0:05:01.2 S4: And so that just sort of, kind of, led to more of that, and then I kind of fell into massage. I was planning on doing business, we called it consulting back then, not coaching, and I had started working with these two people who wanted to put together a health center. And there were no health centers at the time, this was the first one of its kind. And while I was still in college, and then once I graduated, we worked on this project, I wrote a business plan for them, together, they found over a million dollars worth of funding, and then once the money came in, it all became real and they just freaked out, and it was like, "Nope, we're not gonna do this." And I had just gotten out of college, and it's like, "Oh, my heart was broken." It was like, "I did six months on this project." And the interesting thing was, literally that week, I remember this to this day, three of my friends called me up and said, "Hey, Cherie, will you just work on my body, I'll pay you." [chuckle]

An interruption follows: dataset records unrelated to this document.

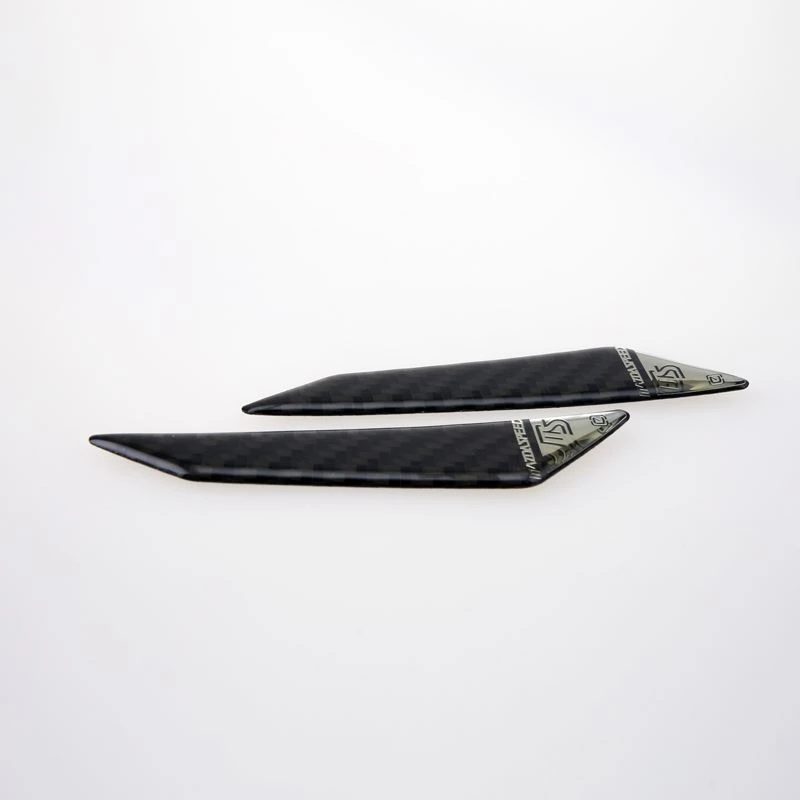 Soft carbon fiber emblem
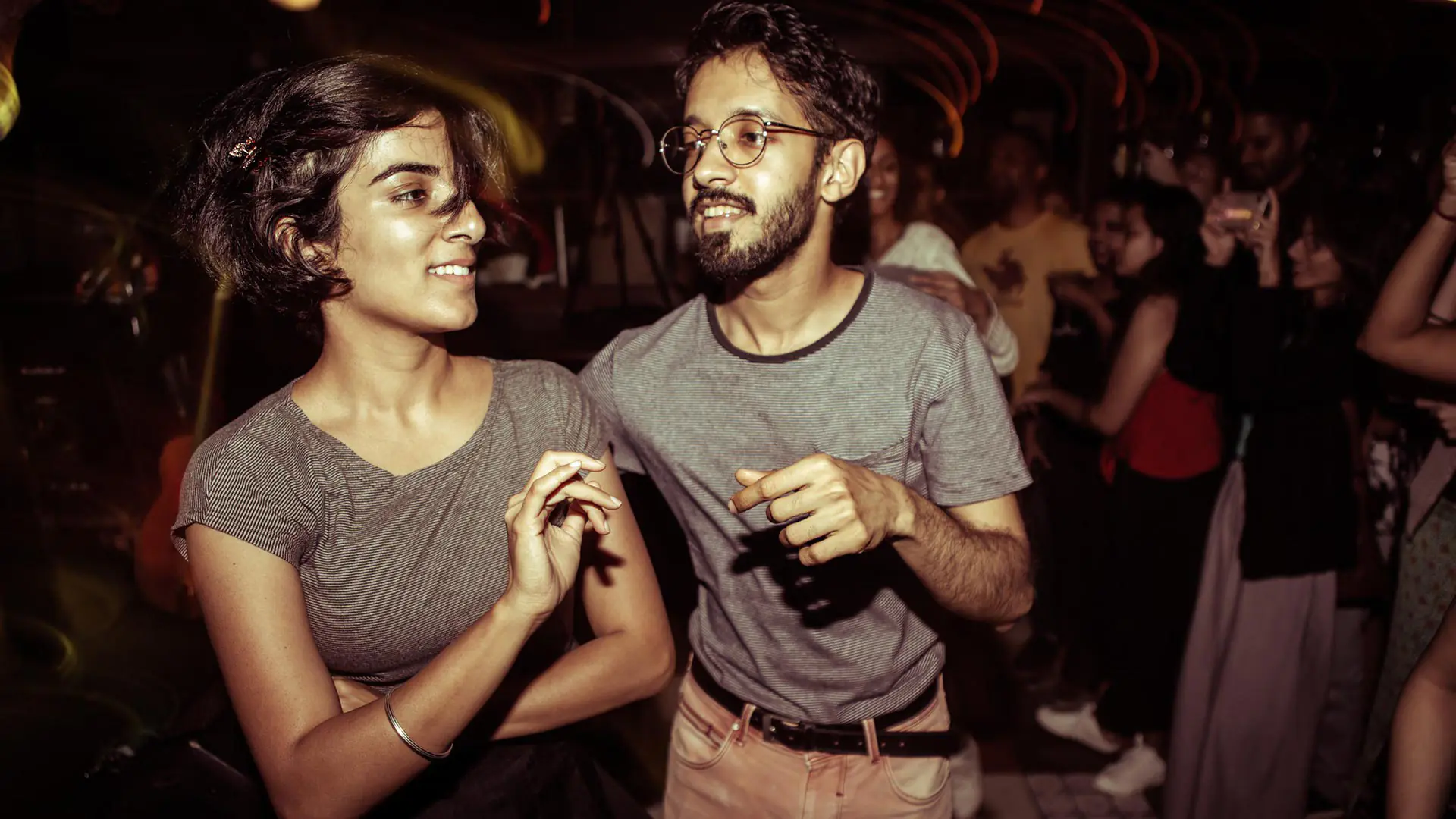 Prekshaa and Sam dancing Lindy Hop at a crowded Mumbai club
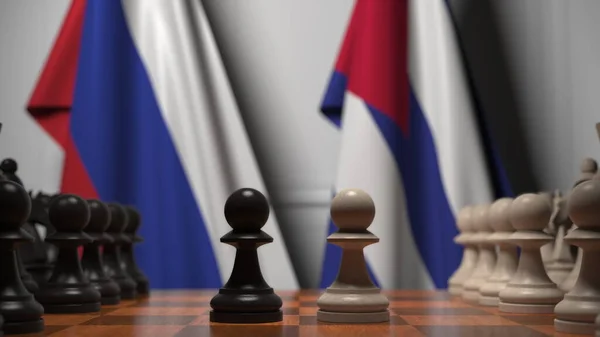 Rysslands och Kubas flaggor bakom brickor på schackbrädet. Schackspel eller politisk rivalitet relaterad till 3D-rendering — Stockfoto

0:06:08.6 S2: It's a good sign.
0:06:11.6 S4: One door closes, a window opens. [chuckle] And so after about three years, and I was still doing massage, it was like, "I should probably go back to school and actually get trained." [chuckle] So that's what I did.
0:06:26.6 S2: Speaking of that minor freakout when the money came in, did that or something else inspire you to write your first book, Business Mastery?
0:06:36.9 S4: Well, what started me to write my first book... I had been doing some consulting with this person, I'd done a lot of work with him, personal things as well as business things, and again, this is before we had lovely handy dandy computers and printers, [laughter] and so all my handouts were on typewriter, and I'd kept all these notes and he kept telling me, "Cherie, you should put this all into a book". And I'm like: "No, I'm not a writer". And so I'd kept all these notes in this notebook, and I had been doing some things. I started teaching at the Desert Institute of the healing arts here in Tucson. And it was frustrating for me because I had to spend so much time in a classroom, bringing people up to speed on basics, and what I wanted to do is spend that classroom time delving in and doing experiential activities. And there's always been good business books and back then the really popular ones were the guerilla marketing books. And those are great books, but they talk in terms of battles and wars and strategies, and those are not language terms that massage therapists resonate with. So I had guerilla marketing on one hand, and then I had Shakti Gawain's creative visualization on the other hand, and nothing in between. And so one day, I'm lamenting this and I open up my closet door in my office at home, and this notebook that was on the top shelf fell on my head.
0:08:06.8 S2: The universe really sends you great signs, I have to say.
0:08:10.6 S1: It does, it does.
0:08:13.1 S1: If I don't listen to them, they get louder.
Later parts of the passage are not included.